The lines to reproduce run from the first one below to the line containing "Picture of Muiñeira de O Poso", both included. Reproduce them exactly and nothing else.

[Stored entries]

━━━

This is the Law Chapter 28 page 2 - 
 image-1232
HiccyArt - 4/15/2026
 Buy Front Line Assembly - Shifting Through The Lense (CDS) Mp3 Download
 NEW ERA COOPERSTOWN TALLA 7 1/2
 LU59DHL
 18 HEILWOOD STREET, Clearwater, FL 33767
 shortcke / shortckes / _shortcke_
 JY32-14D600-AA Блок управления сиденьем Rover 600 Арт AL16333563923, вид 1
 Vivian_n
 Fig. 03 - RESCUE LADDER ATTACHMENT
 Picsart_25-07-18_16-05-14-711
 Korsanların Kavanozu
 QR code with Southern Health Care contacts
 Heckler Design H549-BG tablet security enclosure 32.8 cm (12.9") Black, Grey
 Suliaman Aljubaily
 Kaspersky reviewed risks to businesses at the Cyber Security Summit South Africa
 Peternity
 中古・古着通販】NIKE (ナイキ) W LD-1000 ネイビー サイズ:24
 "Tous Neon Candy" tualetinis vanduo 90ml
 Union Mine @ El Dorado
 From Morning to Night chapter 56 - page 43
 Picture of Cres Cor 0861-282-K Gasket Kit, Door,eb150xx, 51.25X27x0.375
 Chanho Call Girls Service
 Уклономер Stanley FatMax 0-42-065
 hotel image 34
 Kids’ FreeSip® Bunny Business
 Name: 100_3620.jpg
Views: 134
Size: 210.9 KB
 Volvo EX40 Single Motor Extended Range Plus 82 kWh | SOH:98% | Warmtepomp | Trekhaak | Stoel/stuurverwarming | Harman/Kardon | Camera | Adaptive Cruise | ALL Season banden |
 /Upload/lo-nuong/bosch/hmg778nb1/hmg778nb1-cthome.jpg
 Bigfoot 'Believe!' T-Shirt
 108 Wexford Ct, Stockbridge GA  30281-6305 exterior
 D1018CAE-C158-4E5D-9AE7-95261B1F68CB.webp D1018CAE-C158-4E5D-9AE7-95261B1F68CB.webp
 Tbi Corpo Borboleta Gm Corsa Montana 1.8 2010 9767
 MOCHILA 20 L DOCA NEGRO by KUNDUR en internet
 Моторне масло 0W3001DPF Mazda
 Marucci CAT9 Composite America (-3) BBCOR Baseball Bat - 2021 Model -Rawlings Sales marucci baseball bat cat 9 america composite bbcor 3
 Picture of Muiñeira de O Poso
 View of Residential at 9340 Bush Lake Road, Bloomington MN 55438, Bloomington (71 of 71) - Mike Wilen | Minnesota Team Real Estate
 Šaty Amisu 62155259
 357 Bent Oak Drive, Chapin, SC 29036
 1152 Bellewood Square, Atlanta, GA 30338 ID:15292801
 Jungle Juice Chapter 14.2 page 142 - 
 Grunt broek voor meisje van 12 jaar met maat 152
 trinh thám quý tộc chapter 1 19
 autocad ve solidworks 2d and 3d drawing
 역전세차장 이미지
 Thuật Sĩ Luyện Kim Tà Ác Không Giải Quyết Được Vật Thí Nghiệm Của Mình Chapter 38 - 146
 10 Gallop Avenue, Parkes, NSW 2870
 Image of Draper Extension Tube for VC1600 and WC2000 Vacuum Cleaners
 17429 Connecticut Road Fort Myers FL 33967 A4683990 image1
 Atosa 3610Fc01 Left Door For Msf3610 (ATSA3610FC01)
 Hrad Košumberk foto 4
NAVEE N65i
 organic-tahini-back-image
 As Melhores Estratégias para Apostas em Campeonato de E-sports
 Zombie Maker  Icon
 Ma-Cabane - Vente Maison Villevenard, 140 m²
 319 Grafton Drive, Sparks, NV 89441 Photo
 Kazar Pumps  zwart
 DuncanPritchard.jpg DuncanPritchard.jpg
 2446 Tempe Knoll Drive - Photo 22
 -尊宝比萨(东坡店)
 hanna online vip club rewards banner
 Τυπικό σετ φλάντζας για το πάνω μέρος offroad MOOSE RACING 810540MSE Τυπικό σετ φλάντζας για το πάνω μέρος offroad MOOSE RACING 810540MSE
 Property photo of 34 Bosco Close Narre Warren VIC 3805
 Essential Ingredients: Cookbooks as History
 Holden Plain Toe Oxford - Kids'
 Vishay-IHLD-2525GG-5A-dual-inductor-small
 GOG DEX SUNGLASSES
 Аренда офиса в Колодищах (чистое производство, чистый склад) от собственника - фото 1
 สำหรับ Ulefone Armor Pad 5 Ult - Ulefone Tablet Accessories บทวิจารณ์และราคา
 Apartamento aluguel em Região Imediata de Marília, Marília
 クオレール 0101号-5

━━━

REPLY TO THE TASK -
This is the Law Chapter 28 page 2 - 
 image-1232
HiccyArt - 4/15/2026
 Buy Front Line Assembly - Shifting Through The Lense (CDS) Mp3 Download
 NEW ERA COOPERSTOWN TALLA 7 1/2
 LU59DHL
 18 HEILWOOD STREET, Clearwater, FL 33767
 shortcke / shortckes / _shortcke_
 JY32-14D600-AA Блок управления сиденьем Rover 600 Арт AL16333563923, вид 1
 Vivian_n
 Fig. 03 - RESCUE LADDER ATTACHMENT
 Picsart_25-07-18_16-05-14-711
 Korsanların Kavanozu
 QR code with Southern Health Care contacts
 Heckler Design H549-BG tablet security enclosure 32.8 cm (12.9") Black, Grey
 Suliaman Aljubaily
 Kaspersky reviewed risks to businesses at the Cyber Security Summit South Africa
 Peternity
 中古・古着通販】NIKE (ナイキ) W LD-1000 ネイビー サイズ:24
 "Tous Neon Candy" tualetinis vanduo 90ml
 Union Mine @ El Dorado
 From Morning to Night chapter 56 - page 43
 Picture of Cres Cor 0861-282-K Gasket Kit, Door,eb150xx, 51.25X27x0.375
 Chanho Call Girls Service
 Уклономер Stanley FatMax 0-42-065
 hotel image 34
 Kids’ FreeSip® Bunny Business
 Name: 100_3620.jpg
Views: 134
Size: 210.9 KB
 Volvo EX40 Single Motor Extended Range Plus 82 kWh | SOH:98% | Warmtepomp | Trekhaak | Stoel/stuurverwarming | Harman/Kardon | Camera | Adaptive Cruise | ALL Season banden |
 /Upload/lo-nuong/bosch/hmg778nb1/hmg778nb1-cthome.jpg
 Bigfoot 'Believe!' T-Shirt
 108 Wexford Ct, Stockbridge GA  30281-6305 exterior
 D1018CAE-C158-4E5D-9AE7-95261B1F68CB.webp D1018CAE-C158-4E5D-9AE7-95261B1F68CB.webp
 Tbi Corpo Borboleta Gm Corsa Montana 1.8 2010 9767
 MOCHILA 20 L DOCA NEGRO by KUNDUR en internet
 Моторне масло 0W3001DPF Mazda
 Marucci CAT9 Composite America (-3) BBCOR Baseball Bat - 2021 Model -Rawlings Sales marucci baseball bat cat 9 america composite bbcor 3
 Picture of Muiñeira de O Poso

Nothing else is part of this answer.